§ **The records**
------
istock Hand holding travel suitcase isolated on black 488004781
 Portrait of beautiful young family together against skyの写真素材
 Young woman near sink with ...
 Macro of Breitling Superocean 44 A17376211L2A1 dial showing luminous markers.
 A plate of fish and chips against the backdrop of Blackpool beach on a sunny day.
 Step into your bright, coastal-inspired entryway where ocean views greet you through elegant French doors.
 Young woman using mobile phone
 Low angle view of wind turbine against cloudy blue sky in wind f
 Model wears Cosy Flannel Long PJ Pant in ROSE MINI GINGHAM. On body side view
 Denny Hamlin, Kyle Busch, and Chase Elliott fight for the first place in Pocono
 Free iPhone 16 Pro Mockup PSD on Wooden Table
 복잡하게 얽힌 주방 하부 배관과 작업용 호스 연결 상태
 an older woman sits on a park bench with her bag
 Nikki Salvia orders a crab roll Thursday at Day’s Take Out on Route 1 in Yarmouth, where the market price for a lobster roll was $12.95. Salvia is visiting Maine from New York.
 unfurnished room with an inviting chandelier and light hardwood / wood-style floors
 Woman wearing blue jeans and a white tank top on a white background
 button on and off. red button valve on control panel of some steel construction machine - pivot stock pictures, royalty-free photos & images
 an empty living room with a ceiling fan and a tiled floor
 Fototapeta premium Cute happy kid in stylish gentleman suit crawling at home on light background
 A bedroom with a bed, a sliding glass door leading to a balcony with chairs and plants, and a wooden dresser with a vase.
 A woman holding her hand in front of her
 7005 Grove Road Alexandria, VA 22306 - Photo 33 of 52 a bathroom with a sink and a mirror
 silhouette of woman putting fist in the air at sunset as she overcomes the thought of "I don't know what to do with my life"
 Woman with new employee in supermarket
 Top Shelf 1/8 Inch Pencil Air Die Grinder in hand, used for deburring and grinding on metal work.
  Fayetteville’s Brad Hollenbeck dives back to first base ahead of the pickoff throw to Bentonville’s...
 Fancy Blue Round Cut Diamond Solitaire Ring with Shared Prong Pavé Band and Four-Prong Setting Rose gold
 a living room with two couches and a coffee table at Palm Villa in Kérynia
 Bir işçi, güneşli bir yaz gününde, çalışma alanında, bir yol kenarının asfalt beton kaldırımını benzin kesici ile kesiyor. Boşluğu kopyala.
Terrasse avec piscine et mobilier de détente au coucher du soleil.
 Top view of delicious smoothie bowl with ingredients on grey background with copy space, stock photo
------
§ **Problem to solve**
Please print the material above exactly as it appears, from its first line through the line containing "A plate of fish", inclusive, and stop there.

§ **Solution to this problem**
istock Hand holding travel suitcase isolated on black 488004781
 Portrait of beautiful young family together against skyの写真素材
 Young woman near sink with ...
 Macro of Breitling Superocean 44 A17376211L2A1 dial showing luminous markers.
 A plate of fish and chips against the backdrop of Blackpool beach on a sunny day.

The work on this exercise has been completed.